Monday, January 17, 2011

What a Geologist Sees - Part 30 [Original Post Date 4/16/10]

These thin sandstone slabs are from the Permian Cloud Chief Formation from NW Oklahoma. They were collected from downstream of Lake Vincent in southern Ellis County.

The bulk of the formation is composed of siltstone and claystone redbeds.

(Click to enlarge images)

Pictured are the tops of the individual beds. The 1 cm bars are accurate, to show scale.

A few months after dropping some specimens off with the Oklahoma Geological Survey, they told me that there were probably "arthropod locomotion marks". Being busy with life in general, I accepted the answer without trying to determine "what sort of arthropods".

Recently, while looking at some of the slabs, I revisited a point of previous curiosity. Each trackway seemed to not have a companion for the opposite side of the critter. Perhaps because the critter was wider than the slab of rock.
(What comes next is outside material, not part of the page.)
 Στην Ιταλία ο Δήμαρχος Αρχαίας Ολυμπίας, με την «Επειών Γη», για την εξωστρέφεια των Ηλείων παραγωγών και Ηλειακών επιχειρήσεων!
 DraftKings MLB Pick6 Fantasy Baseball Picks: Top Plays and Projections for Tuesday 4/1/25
So I started doing an internet search of Permian arthropods. An early result gave the word "Arthropleurid" as a likely suspect. An Arthropleurid was a large, centipede-like critter, in some cases up to 6 feet long. A later result gave this article, concerning the Late Pennsylvanian Cutler Group, in northcentral New Mexico.

If I get a chance to revisit the area, I will be looking for wider slabs, to hopefully find more-complete trackways and to document the occurrence a little better. Would like to maybe do a short paper/talk, maybe for a future GSA regional meeting. Or if I don't, maybe I will have somehow inspired someone else (in Oklahoma) to do so.